Which lines of the records below contain the word "Grey"? Report each of them in full.

Stored records
━━━

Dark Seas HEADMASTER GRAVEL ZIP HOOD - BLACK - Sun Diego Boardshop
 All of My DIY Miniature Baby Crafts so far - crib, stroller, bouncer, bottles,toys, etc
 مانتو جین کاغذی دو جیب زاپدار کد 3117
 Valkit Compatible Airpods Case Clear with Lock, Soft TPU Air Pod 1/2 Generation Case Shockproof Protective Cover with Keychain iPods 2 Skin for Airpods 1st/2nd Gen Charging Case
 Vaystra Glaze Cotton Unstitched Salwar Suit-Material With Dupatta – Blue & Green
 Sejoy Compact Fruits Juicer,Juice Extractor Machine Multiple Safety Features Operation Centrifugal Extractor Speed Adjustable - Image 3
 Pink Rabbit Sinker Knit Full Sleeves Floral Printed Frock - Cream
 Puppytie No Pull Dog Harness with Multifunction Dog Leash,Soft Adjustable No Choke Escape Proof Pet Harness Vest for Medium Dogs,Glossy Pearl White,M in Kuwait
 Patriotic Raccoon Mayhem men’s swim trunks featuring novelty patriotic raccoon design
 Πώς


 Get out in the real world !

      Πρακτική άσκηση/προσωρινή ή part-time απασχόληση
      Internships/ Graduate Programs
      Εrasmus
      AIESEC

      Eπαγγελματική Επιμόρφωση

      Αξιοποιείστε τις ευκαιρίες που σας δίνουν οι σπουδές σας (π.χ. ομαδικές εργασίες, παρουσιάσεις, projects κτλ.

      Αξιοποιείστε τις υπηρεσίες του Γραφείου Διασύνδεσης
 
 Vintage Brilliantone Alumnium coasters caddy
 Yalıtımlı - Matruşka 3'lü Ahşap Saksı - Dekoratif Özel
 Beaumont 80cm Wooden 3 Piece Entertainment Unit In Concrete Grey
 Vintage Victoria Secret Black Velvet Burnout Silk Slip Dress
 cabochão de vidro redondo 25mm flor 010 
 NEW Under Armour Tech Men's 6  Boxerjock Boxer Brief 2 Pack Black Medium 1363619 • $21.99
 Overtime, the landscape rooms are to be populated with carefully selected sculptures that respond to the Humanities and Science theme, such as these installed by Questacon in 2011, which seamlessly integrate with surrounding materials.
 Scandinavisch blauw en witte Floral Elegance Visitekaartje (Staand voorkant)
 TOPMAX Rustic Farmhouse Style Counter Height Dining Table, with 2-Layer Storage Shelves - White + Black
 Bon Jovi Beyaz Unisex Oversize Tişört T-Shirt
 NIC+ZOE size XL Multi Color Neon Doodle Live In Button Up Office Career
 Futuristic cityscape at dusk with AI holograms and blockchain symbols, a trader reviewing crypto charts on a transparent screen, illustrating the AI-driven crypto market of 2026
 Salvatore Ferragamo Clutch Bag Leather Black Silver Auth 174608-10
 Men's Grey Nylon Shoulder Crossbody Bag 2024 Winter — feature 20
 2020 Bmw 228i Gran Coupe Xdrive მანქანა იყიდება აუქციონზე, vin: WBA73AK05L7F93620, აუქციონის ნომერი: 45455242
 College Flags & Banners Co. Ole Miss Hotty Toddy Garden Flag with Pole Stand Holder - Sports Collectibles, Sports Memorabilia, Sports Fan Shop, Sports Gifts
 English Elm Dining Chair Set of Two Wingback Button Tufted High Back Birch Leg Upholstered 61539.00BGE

━━━

Result of the exercise
 Beaumont 80cm Wooden 3 Piece Entertainment Unit In Concrete Grey
 Men's Grey Nylon Shoulder Crossbody Bag 2024 Winter — feature 20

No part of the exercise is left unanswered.